Mine is hard covered, rather old, and a faded navy blue. Its pages are cream colored, thick, and a bit dusty.

What do you find when you open your book? Are there pages turned down from wear, indicating places, stories, and memories you return to time and again, for better or for worse? Are there pages folded in on themselves in hopes of not being noticed? Do some pages have darker ink than others, the dark ink seeming to shout, “Look at this, of which I am proudest.” And does the faded ink symbolize regrets you’d like to forget?

This is your book, my friends. Everything belongs. There is not a thing in that story that hasn’t played an important part in your becoming who you are today, not a one.

Fred Alan Wolf in his book Dr. Quantum’s Little Book of Big Ideas: Where Science Meets Spirit[1] writes “Within your own mind and body lies a majestic story filled with drama, pathos, humor, intelligence, fantasy, and fact. It is no less than the story of the entire universe, particularly, its own creation, transformation, and ultimate purpose.”

Yet so often we hide parts of ourselves, an action that leaves us feeling less secure, concerned about how to keep those parts hidden and cut off from the love that holds us. In disowning of parts of ourselves, we can lose connection with our souls or our innate beautiful essence. The Gospel of Mark says, “What good is it for a person to gain the whole world, yet forfeit their soul?”

Anyway, it is often our foibles, big and small, that allow others to love us. We are loved in the sharing of our pain and errors, though we believe otherwise.

I receive more response from sermons in which I talk about my challenges, or my “flaws,” if you will, than my successes. People share how relieved they are to know they are not alone, and then they want to know how I did it – whatever it is we may be discussing. How did I overcome addiction? How did I become brave enough to use my experience with sexual abuse to speak out against such an atrocity? How can I be so vulnerable publicly?

I do it because living in hiding left me dying inside. I do it because to hide who I am is to perpetuate societal lies about perfection, good and bad, and I do it because it is impossible for me to live in authentic connection, yet hide parts of who I am.

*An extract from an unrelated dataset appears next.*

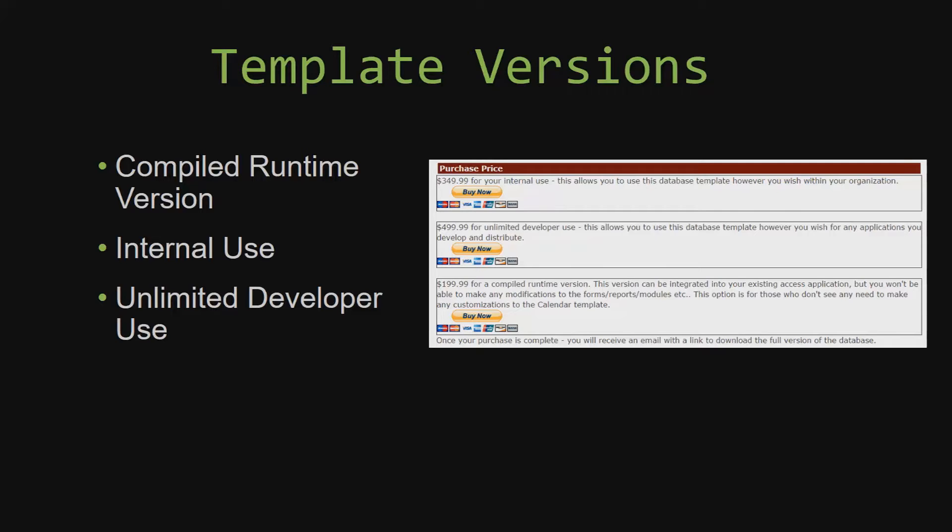And last but not least, our unlimited developer use version allows you to use the database template however you wish for any applications you develop and distribute the template as part of a database you create.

And I am still human. I still hide things I fear that I will be judged for or that will lead others to tell me I don’t belong. My two divorces, for example, or the centrality of Christian mysticism in my theology of love. “What if these things make me seem unworthy?” I worry. And there, I just did it. I just shined the spotlight on two parts of my story I try to hide.

I am not suggesting that we tell our whole story to everyone we meet or anyone who asks. I am suggesting that it is unkind, if not cruel, to ourselves to hide parts of ourselves because we think they make us unworthy, unlovable, or anything less than beautiful. This hiding often takes away some of the most important gifts we can offer this world.

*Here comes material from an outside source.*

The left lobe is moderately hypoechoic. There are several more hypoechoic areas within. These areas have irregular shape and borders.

Our stories are ours to share when and with whom we choose. We will share them at varying degrees and in chosen relationships. I pray we all have some people who do know it all, every nook and cranny of our story.

What is the expense of hiding some part of our stories or ourselves due to shame? It is a huge cost, I promise you. We are so much freer to serve the world and to live fully, authentically, and joyfully when we accept all of who we are and all parts of our stories.

“People will do anything, no matter how absurd, in order to avoid facing their own Soul,” said Carl Jung.

May we welcome each other’s souls and their beautiful essence, and may this be a refuge for all, exactly and wholly as they are.

Amen and blessed be.

[1] Wolf, Fred Alan, Dr. Quantum’s Little Book of Big Ideas: Where Science Meets Spirit, Moment Point Press Inc., Needham, MA, September 2008, Page 21.